Panama claims that its negotiating team at COP26, comprising some 15 people with an average age of 29, is the youngest ever to represent a country at a U.N. climate summit. Though the U.N. does not hold records for the ages of negotiators at the summit, they almost certainly skew older than that. Malik Amin Aslam, a climate adviser to Pakistan’s prime minister, talking to the Washington Post on Sunday, estimated that the average age of those inside negotiating rooms was around 60. “We’re talking about 2060, 2070 [net-zero targets emissions] and none of these guys is going to be around,” he said.

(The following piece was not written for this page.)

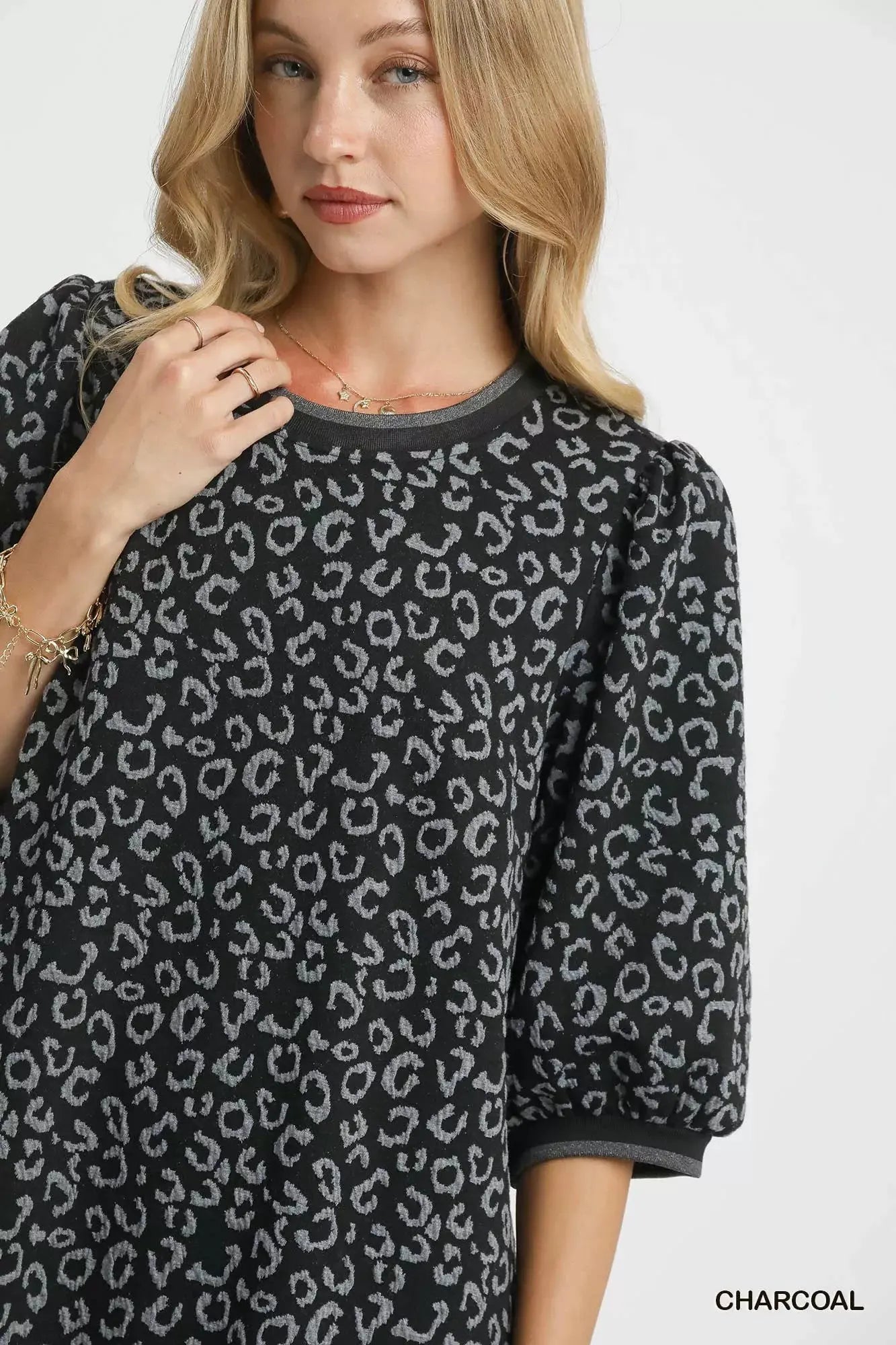 Umgee Leopard Print Jacquard Mini Dress by Umgee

In a series of protests around the COP26 site over the last week, youth climate activists have warned that politicians at the summit are too focused on emissions targets that are decades away, and not enough on taking action to cut them in the next few months and years. “The voices of future generations are drowning in their greenwash and empty words and promises,” 18-year-old Swedish activist Greta Thunberg, told a crowd gathered at George Square in central Glasgow on Friday.

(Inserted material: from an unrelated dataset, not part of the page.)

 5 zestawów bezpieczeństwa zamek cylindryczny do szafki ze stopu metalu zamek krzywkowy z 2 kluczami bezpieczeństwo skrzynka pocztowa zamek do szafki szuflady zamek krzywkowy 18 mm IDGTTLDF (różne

Panama’s environment ministry says it has put youth voices at the center of its climate diplomacy efforts for years. Starting in 2018, the country has run three annual youth climate leadership academies, which train young people over the course of several days to understand the climate crisis and take action. Three of the 89 previous attendees are now members of Panama’s delegation at COP26.
The key to accelerating action in the U.N. climate process, Monterrey Gómez says, is to give more space in the talks to young people, who are going to experience worse climate change impacts for longer than older people. “If other countries gave young people the mic like Panama is doing,” Monterrey Gómez says, “we’d solve this in a few minutes.”